The situation has changed dramatically recently. Today, the board of EDM is one of the best in Mali partly due to the strong commitment of IPS. Board deliberations are increasingly open and professional, and decisions are more often than not taken in the interest of the company. The different positions of the state and the outside investors are discussed actively and compromises are sought. The state representatives on the EDM board have become more professional, and an audit committee was introduced in 2008.

The special role of IPS is worth highlighting. IPS has contributed significantly to the operations and governance of EDM. It has also contributed to a better understanding of governance among state officials. The Bouygues experience suggests that outside investors who take a purely financial perspective would not have shown the same long-term commitment as IPS has.
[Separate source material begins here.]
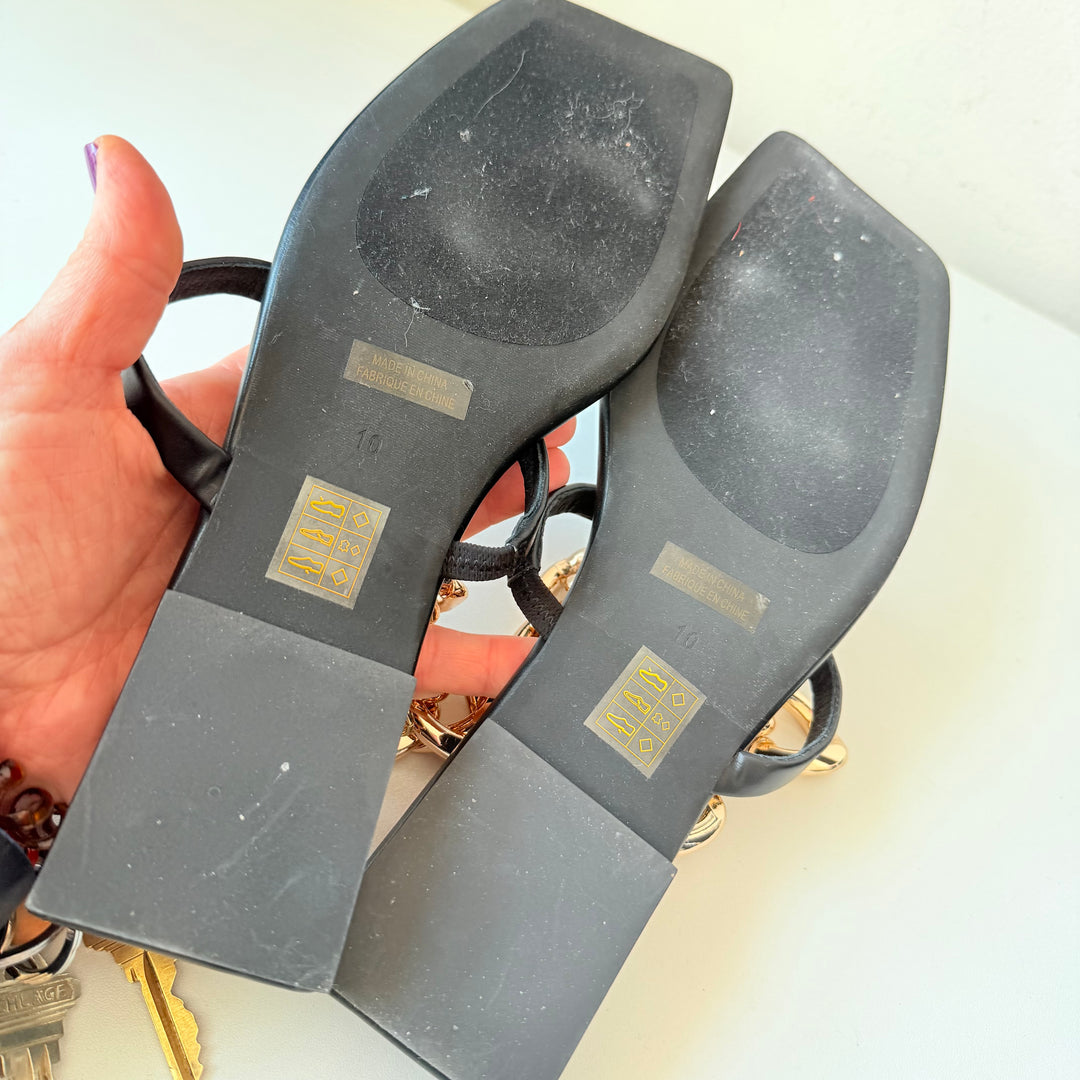 Jeffrey Campbell Ring On It Embellished Thong Chain Sandal Size 10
Yet, despite the many positive changes visible at EDM, fundamental problems persist. The company continues to perform poorly as a result of differences over pricing and an inability to operate based on economic logic. Improved board performance cannot by itself address the more fundamental problems facing EDM, which are government decisions on investment and pricing.

The EDM case highlights the important of having a committed strategic partner who supports the SOE in the face of serious challenges. IPS the African affiliate of the Aga Khan Fund for Economic Development partnered with EDM after Bouyges found its partnership with EDM to be unsustainable. IPS was instrumental in professionalizing EDMs board practices and in ensuring that commercial objectives received consideration from the state and during board meetings.

Some of the immediate effects of IPS’s involvement were: the introduction of directors with new qualifications; greater frequency of board meetings; greater consideration of strategic issues at board meetings; better information provided to boards; the introduction of new management information systems; the introduction of a genuine internal audit function; the application of IFRS and IAS in the production of financial reports; and improved external reporting.

Improved governance through improved accounting and reporting


Reporting under best practice reporting standards is being done in a limited number of SOEs in the review countries. The Mauritel case below describes an accomplishment that was considered too difficult to achieve in the past—the use of IFRS in an SOE.

Mauritania: The case of Mauritel: Best practice accounting and information systems

Mauritel is Mauritania’s principle fixed and mobile phone operator. The company resulted from the sale of the phone operations of the previous state phone and postal operator. A telecommunications regulator was created in parallel to its privatization.

Control of Mauritel was purchased by Maroctel, the principal telecommunications operator from Morocco. Maroctel brought not only its own expertise to Mauritel, but also that of its French parent Vivendi. Maroctel also brought a cultural affinity with its southern neighbors that helped avoid mistakes that would surely have occurred if Mauritel had been acquired by investors less familiar with local business culture.

Lines of accountability were completely changed as was the board of directors which received new members, new procedures and authorities, and commercial expertise. Mauritel was effectively forced to introduce best practice accounting systems and procedures because of the accounting consolidation requirements of its parent which is listed in France and reports under IFRS. The Maroctel office invested heavily in systems to oversee management and hold them to account.

While problems persist, Mauritel is an example of how SOEs can enhance their information a systems and reporting in support of more professional governance and management.